Functions of plating:
Improved corrosion resistance
Enhanced paint adhesion
There are many different types of metal plating and the process of electroplating is probably the most well-known. It involves passing an electric current through an electrolyte solution. Two terminals called electrodes are dipped into the electrolyte solution, which connects them into a powered circuit.
The electrodes are the Cathode (the object being coated) and the Anode (the metal being used as the coating. When the electricity flows through the circuit the electrolyte splits some of the metal atoms from the anode, which are then deposited in a thin layer on top of one of the cathode.
Many types of metals can be electroplated in this process; gold, silver, tin, zinc, copper, chrome, nickel, platinum and lead.
In the diagram below; copper (the anode) is being used to coat another metal (the cathode). The electrolyte being used is copper sulphate.
When choosing a process for metal plating, one would opt for electroplating. However, in certain cases, there is an alternative; Electroless Plating. Electroless plating is a simpler, more cost-effective alternative to electroplating. Also known as autocatalytic plating, this method is a way of plating without using an external power source.
The process itself involves plating the part in an aqueous solution and depositing nicking. This creates a catalytic reduction of nickel ions to plates the part, as this is a purely chemical process it does not require electricity or extra machinery.
Electroless plating is suited to parts for which a very hard surface, better resistant to corrosion is required. This makes this process best suited to the oil or marine industries. Parts such as pumps or valves which are subject to corrosive agents will typically be best suited to being electroless plated.
This is the process of applying adhering layers of nobler metals to another metal’s surface by dipping the part into a solution of nobler metal ions. So when metal parts made from a material such as copper are put into the electrolyte, the nobler metal ions will coat the parts the copper releases its electrons.
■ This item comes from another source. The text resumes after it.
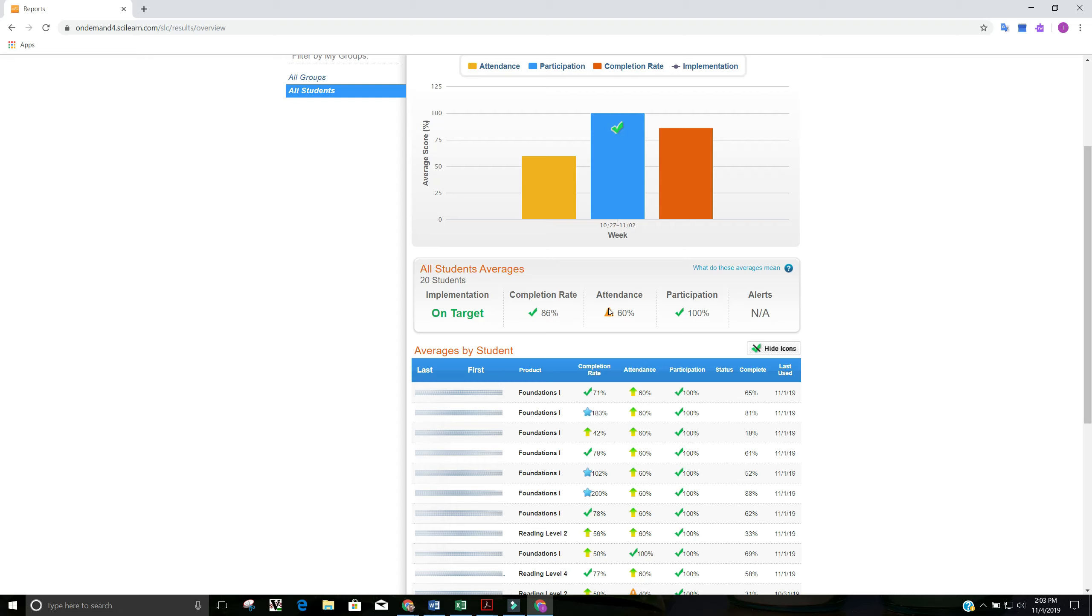Attendance is simply how often are they logging in based on what the protocol is. For most of you, your protocol was probably set at five days. Some of you, it was three days. If the protocol is set for five days and your student only logs in three out of those five days, they'll have a 60% attendance, which it seems to be three out of the five days for these students where they logged in.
Also known as metal replacement or dip plating. Just like electroless plating, there is no external current, it is a chemical process. Unlike electroless plating; once the part is completely coated, the deposition of metals is halted. Immersion coating alters the metal’s surface to improve wear and corrosion electrical resistance and electrical conductivity. It can also alter the appearance and reflectivity and bonding capabilities of the coated part.
Also known as case hardening, carburizing is a heat treating process which produces a wear-resistant surface whilst maintaining the strength of the core. Usually applied to low carbon steel after machining, as well as high, allow gears, bearings, etc. Carburizing is suited to complex shapes of lower-cost materials which can be machined easily to give a very hard surface. The process involves heating the part in either a pit furnace or a sealed atmosphere furnace.
Then carburizing gases (usually carbon monoxide but also sodium cyanide and barium carbonate) are introduced at temperature, with the heat and temperature affecting the depth of carbon diffusion. The part is then either slow cooled for quenching later or quenched directly in oil.
Physical Vapor Deposition (PVD)
PVD is a family of coating processes in which thin films are deposited on the substrate. In the physical vapor deposition process, the solid coating material such as titanium, chromium or aluminum is evaporated by heat or by bombardment with ions. During the process, a reactive gas such as nitrogen is introduced, forming a compound with the metal vapor and depositing on the metal’s surface as a very thin coating. This results in an extremely strong bond between the coating and the metal part.
Some of the advantages of PVD are; very hard and
corrosion resistant surface, high-temperature resistance, and good impact strength.
Ideal for a wide range of applications:
Thin films such as window tint, food packaging
Plasma Spray Coating
Plasma spray coating is one of the lesser-known types of metal plating. In this plating process, also known as thermal spraying, molten or heat softened material is sprayed onto a surface to provide the coating. The coating material is injected into a very high temperature plasma flame (up to 10,000 K in heat), it is rapidly heated and then accelerated to a high velocity onto the surface of the part and rapidly cools to form a coating on the part’s surface.
The process produces a coating, usually to structural materials, to provide protection against very high temperatures, for example in exhaust heat management. It also provides resistance to corrosion, erosion and wear. The coating can also change the appearance and electrical properties of the part.